Reputation: 43
I am trying to use PdfFileMerger() in PyPDF2 to merge pdf files (see code).
from PyPDF2 import PdfFileMerger, PdfFileReader
[...]
merger = PdfFileMerger()
if (some condition):
merger.append(PdfFileReader(file(filename1, 'rb')))
merger.append(PdfFileReader(file(filename2, 'rb')))

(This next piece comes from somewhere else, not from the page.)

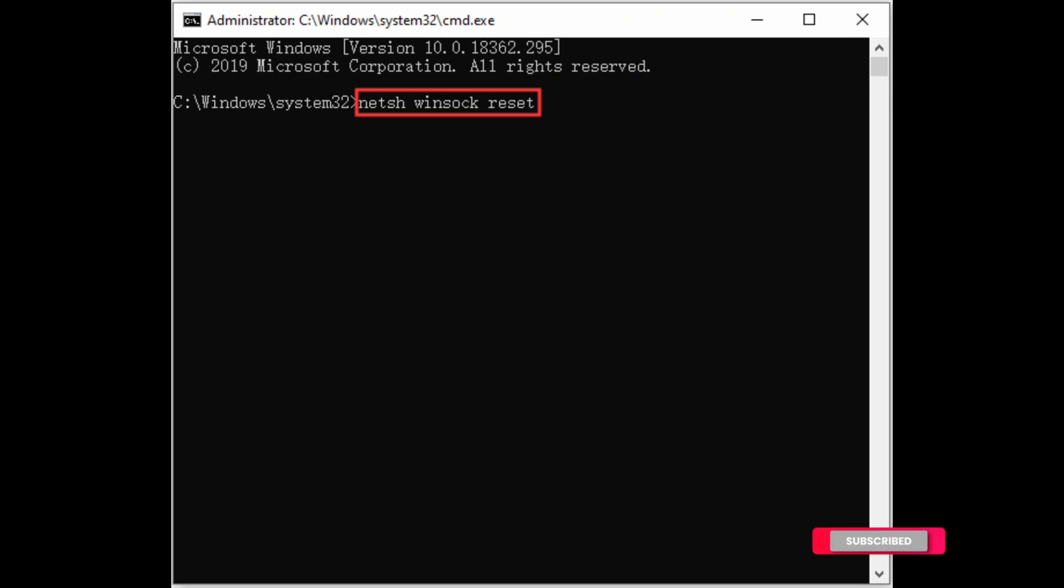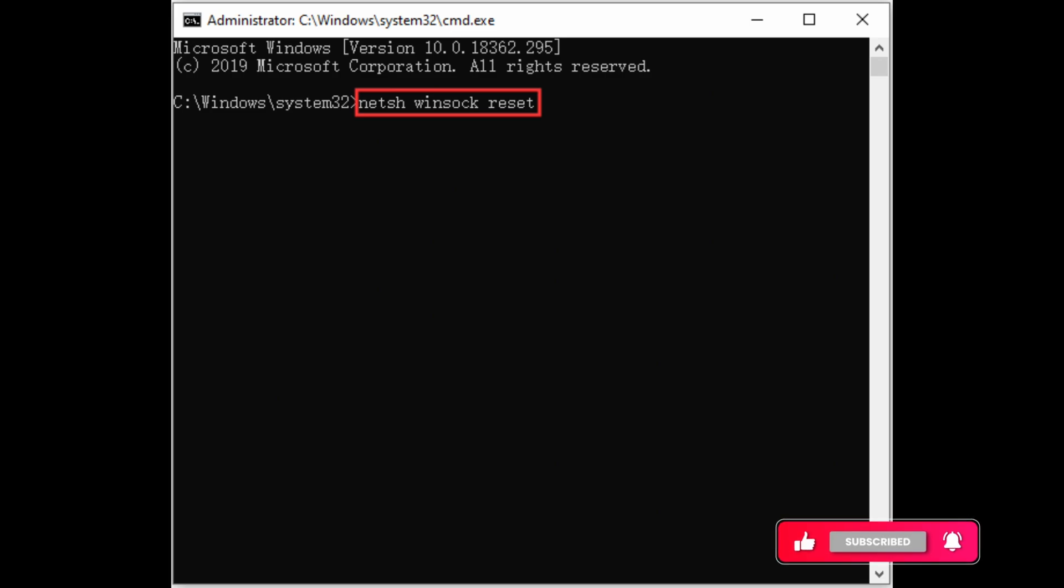You will be able to play it without any connection lost to game server issue. So that's it. That is how easily you can fix the issue of Overwatch connection lost to game server.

if (test for non-zero file size):
merger.write("output.pdf")
However, my merge commands are subject to certain conditions and it could turn out that no merged pdf file is generated. I would like to know how to determine the page count after performing merges using PdfFileMerger(). If nothing else, I would like to know if the number of pages is non-zero. Maintaining a counter to do this would be cumbersome because I am performing the merges across several functions and would prefer a more elegant solution.
Upvotes: 2
Views: 3005
Reputation: 28
I'm +- in the same case as you. I will explain my solution. I'm not opening the PDFs with PdfFileReader('filename.pdf', 'rb')
but I'm passing the pdfs content in an array for the merge (pdfs_content_array
). Then I'm preparing the merger and my output (don't want to save the generated file locally so I have to use BytesIO to save the merged content somewhere) calc_page_sum
is needed to compare the page number results. The most important part is: calc_page_sum += PdfFileReader(bytes_content).getNumPages()
so I open the bytes content with PdfFileReader and get the pages number. Then I'm appending the merger ... merger.append,bytes_content
I'm writing the merge into my bytes output and compare it with the calc_page_sum. That's it.
from PyPDF2 import PdfFileMerger, PdfFileReader
import io
[...]
def merge_the_pdfs(self,pdfs_content_array,output_file):
merger = PdfFileMerger()
output = io.BytesIO()
calc_page_sum = 0
for content in pdfs_content_array:
bytes_content = io.BytesIO(content)
calc_page_sum += PdfFileReader(bytes_content).getNumPages()
yield self.application.cpupool.submit(merger.append,bytes_content)
merger.write(output)
if not calc_page_sum == PdfFileReader(output).getNumPages():
return None
return output.getValue()
Hope this will help!
2nd Version:
from PyPDF2 import PdfFileMerger, PdfFileReader
import io
import sys
filename1 = 'test.pdf'
filename2 = 'test1.pdf'
merger = PdfFileMerger()
output = io.BytesIO()
calc_page_sum = 0
filesarray = [filename1,filename2]
for singlefile in filesarray:
calc_page_sum += PdfFileReader(singlefile, 'rb').getNumPages()
merger.append(PdfFileReader(singlefile, 'rb'))
merger.write(output)
print(calc_page_sum)
print(PdfFileReader(output).getNumPages())
if calc_page_sum == PdfFileReader(output).getNumPages():
print("It worked")
merger.write("merging-test.pdf")
sys.exit()
print("Didn't worked")
sys.exit()
Upvotes: 1
Reputation: 31
maybe you can try to use the following
if len(merger.pages) > 0
for your condition
if (test for non-zero file size)
Upvotes: 3